### Work to complete:
Would you repeat the listing below verbatim and drop the images?

### Dataset section:
▶
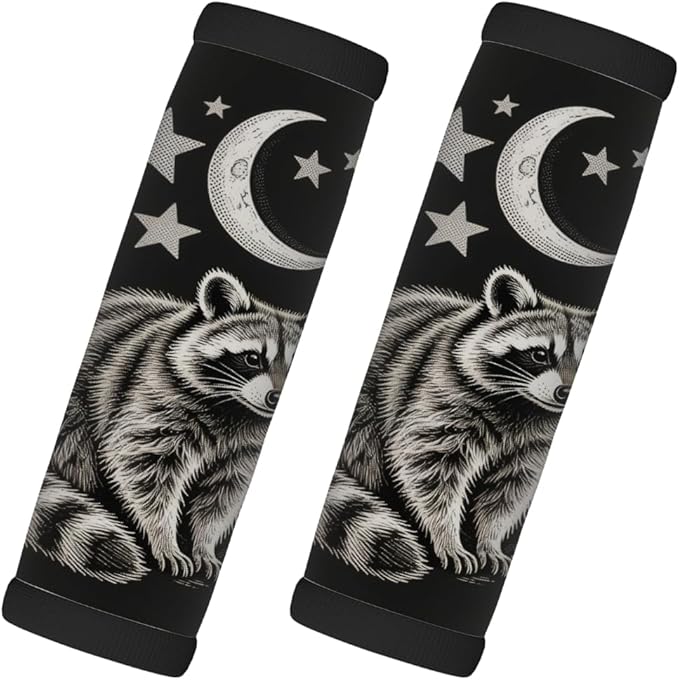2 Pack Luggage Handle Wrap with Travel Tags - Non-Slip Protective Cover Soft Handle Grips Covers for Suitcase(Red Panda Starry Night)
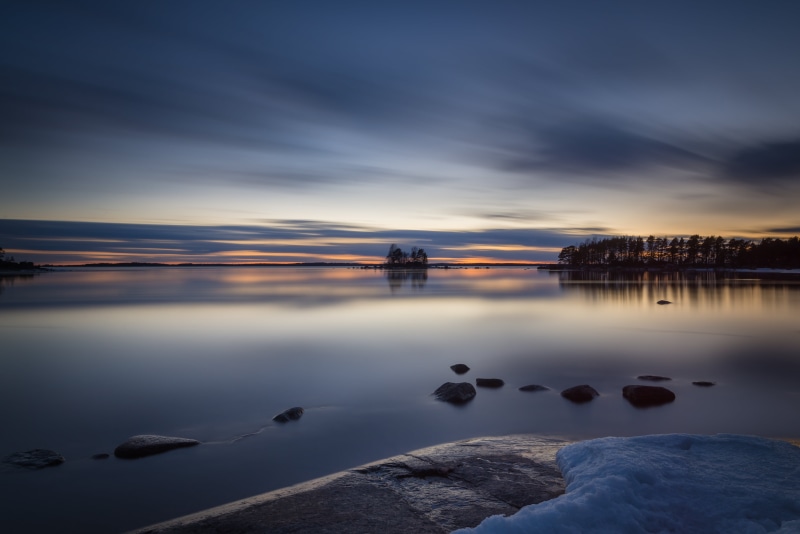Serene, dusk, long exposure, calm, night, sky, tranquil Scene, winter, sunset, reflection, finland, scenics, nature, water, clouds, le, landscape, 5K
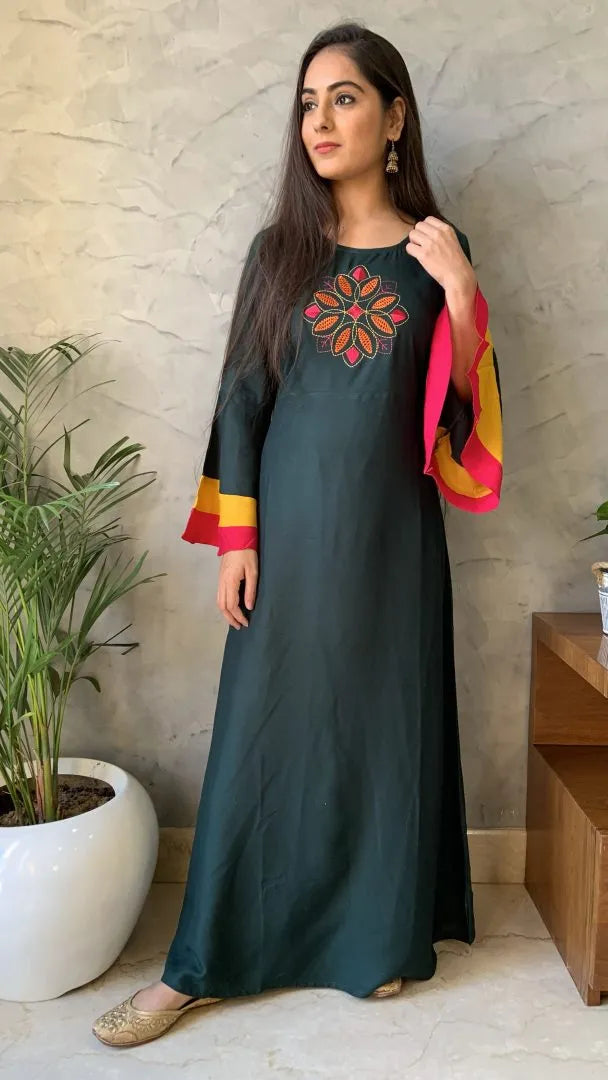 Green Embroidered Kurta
◀
### Answer space:
2 Pack Luggage Handle Wrap with Travel Tags - Non-Slip Protective Cover Soft Handle Grips Covers for Suitcase(Red Panda Starry Night)
Serene, dusk, long exposure, calm, night, sky, tranquil Scene, winter, sunset, reflection, finland, scenics, nature, water, clouds, le, landscape, 5K
 Green Embroidered Kurta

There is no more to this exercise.